THE DATA
——
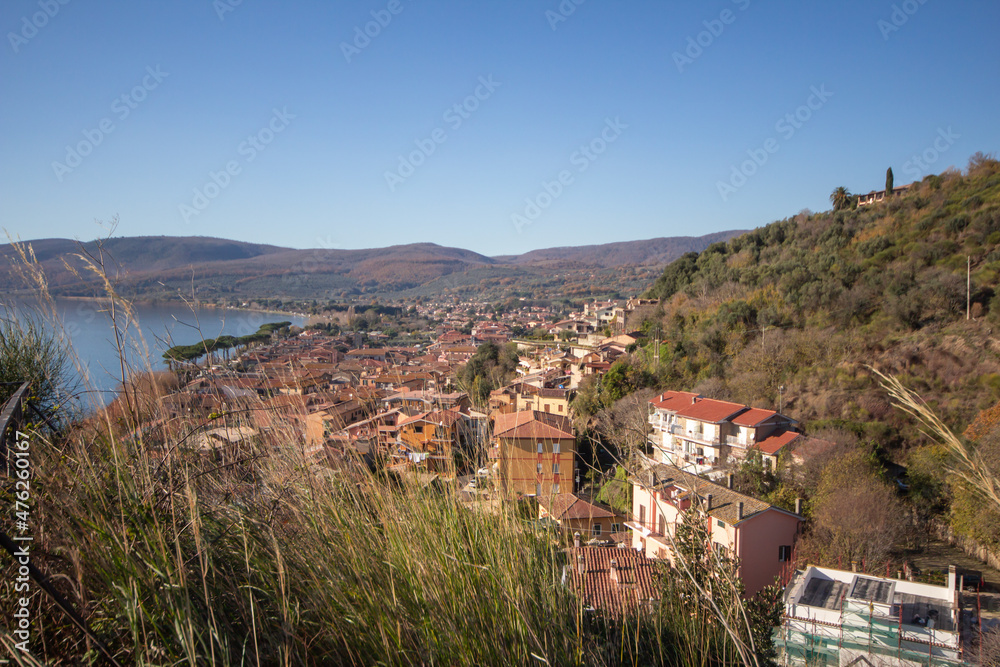 Scenery of Bracciano lake and Trevignano Romano town,Italy.Photography on La Rocca view point 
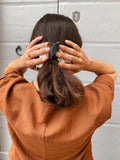 Scrunchie bianco-rosa-nero-arancio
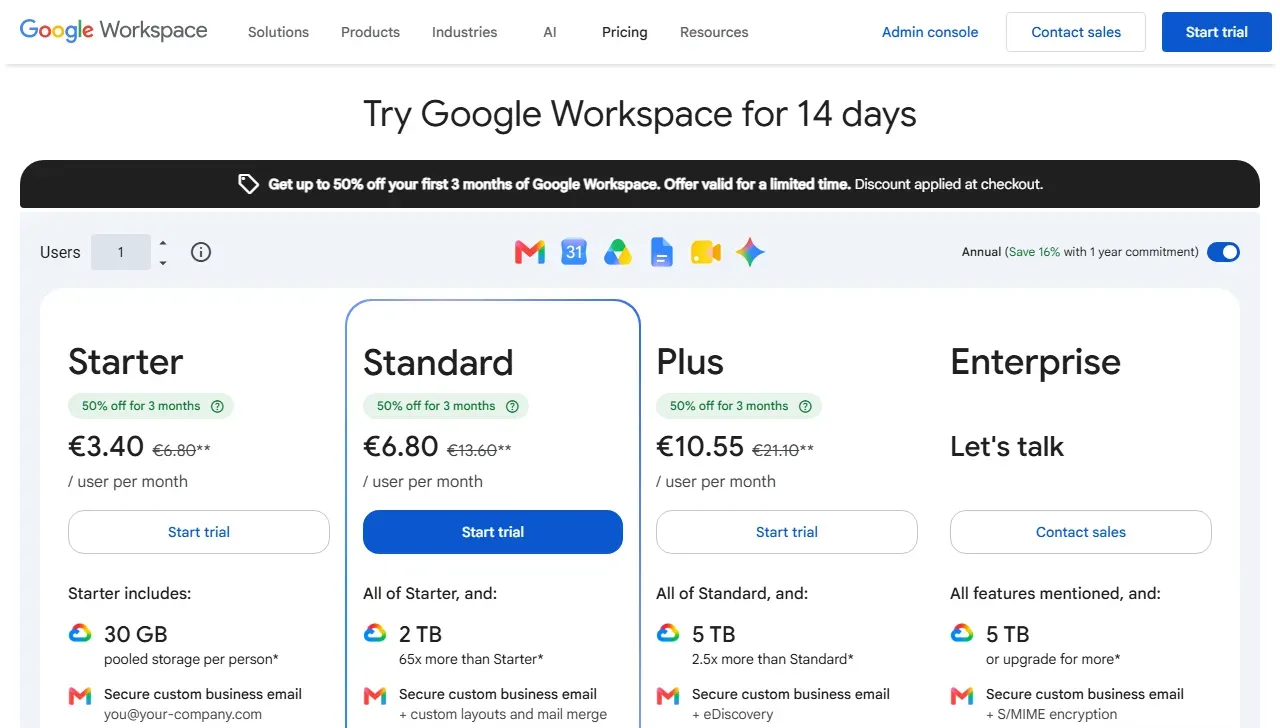 Google Workspace pricing page: Starter, Standard, Plus and Enterprise plans, crossed-out regular prices of €6.80, €13.60 and €21.10 and temporary discounted prices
——
EXERCISE OBJECTIVE
If a line holds a picture, skip the picture and transcribe the rest of the material exactly.

REPLY TO THE EXERCISE
 Scenery of Bracciano lake and Trevignano Romano town,Italy.Photography on La Rocca view point 
 Scrunchie bianco-rosa-nero-arancio
 Google Workspace pricing page: Starter, Standard, Plus and Enterprise plans, crossed-out regular prices of €6.80, €13.60 and €21.10 and temporary discounted prices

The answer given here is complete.